Während in Syrien der Krieg tobt und die Kämpfe der ISIS-Schlächter das Leben der Frauen und Kinder der Flüchtlinge bedrohen, überprüfen die zuständigen deutschen Ausländerbehörden weiterhin den Aufenthaltsstatus der Syrer, grübeln über die eventuellen Möglichkeiten der Familienzusammenführung nach, fordern dann doch noch weitere Nachweise, verlangen weitere Vermögensnachweise, halten – immer korrekt- die innerbehördlichen Zuständigkeiten ein, tippen Briefe, formulieren noch einmal ein paar Fragen zum genauen Fluchtweg, sehen Fristen als nicht einhaltbar an, erwarten eine erneute Aufstockung der Summe auf den Bankkonten, wollen den Pass noch einmal sehen und ach, ihre Familie hat erst 2016 einen Termin auf dem deutschen Konsulat – wir bedauern, dass ist zu spät – sie müssen bis dahin die Bundesrepublik bereits verlassen haben.

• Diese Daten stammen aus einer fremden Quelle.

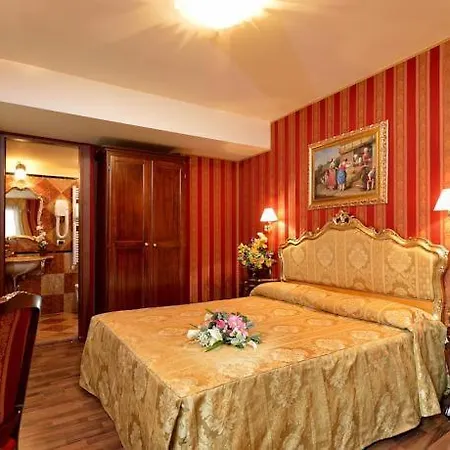 Lux Hotel 3*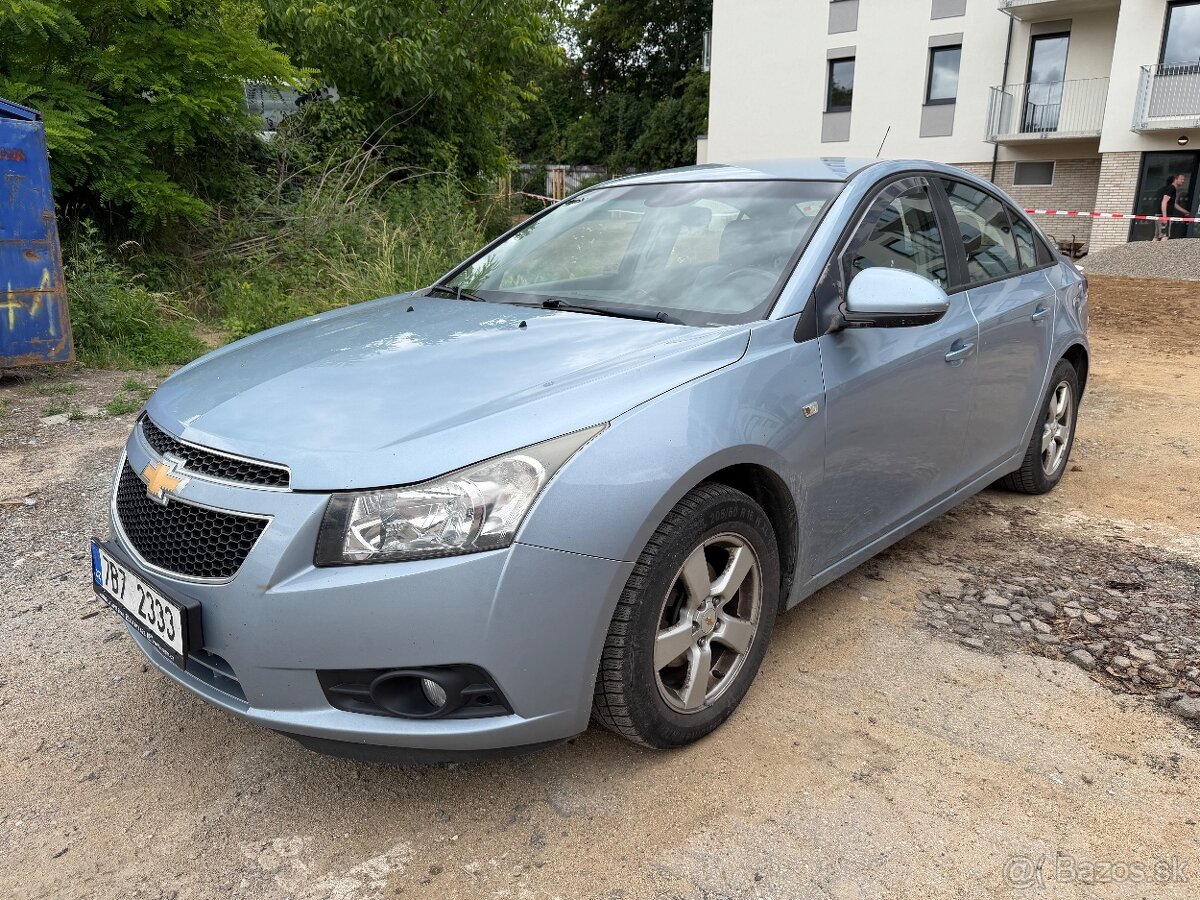 Chevrolet Cruze 1.6 - 4
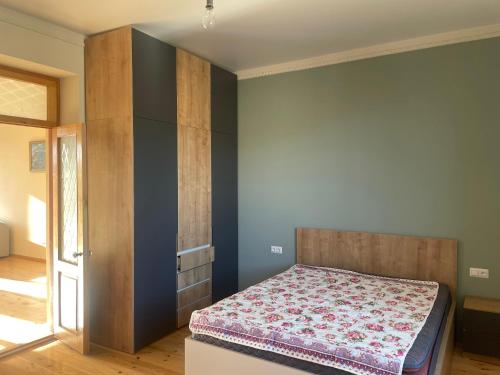 Ένα ή περισσότερα κρεβάτια σε δωμάτιο στο Jusics Guesthouse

Sie lehnen die Verlängerung von Visa ab … mahnen … fordern … fragen … zweifeln an.
Die Verfahren ziehen sich in die Länge. Abschiebebescheide hingegen werden schnell verschickt. Auch die Rückführungen im Dublin III-Verfahren in vermeintlich sichere Drittländer werden zügig eingeleitet.
Sich vor die Syrer zu stellen und zu resümieren, es sei traurig, hilft niemandem. Zu erklären, warum die Ämter nicht anders handeln können, ist Aufgabe der Pressesprecher der Behörden und nicht der Job von Kommunalpolitikern. Sie müssen die beteiligten kommunalen Behörden, wie Ausländeramt und Gesundheitsamt, in Blick auf ihre Entscheidungsprozesse und -kriterien überprüfen und hinterfragen.
Während den syrischen Flüchtlingen schwere Steine in den Weg gelegt werden, machen die Dortmunder genau das, was sie besonders gut können: Herz zeigen. Kaum vorstellbar, dass eine Abschiebung dieser Menschen in Dortmund stillschweigend toleriert werden würde.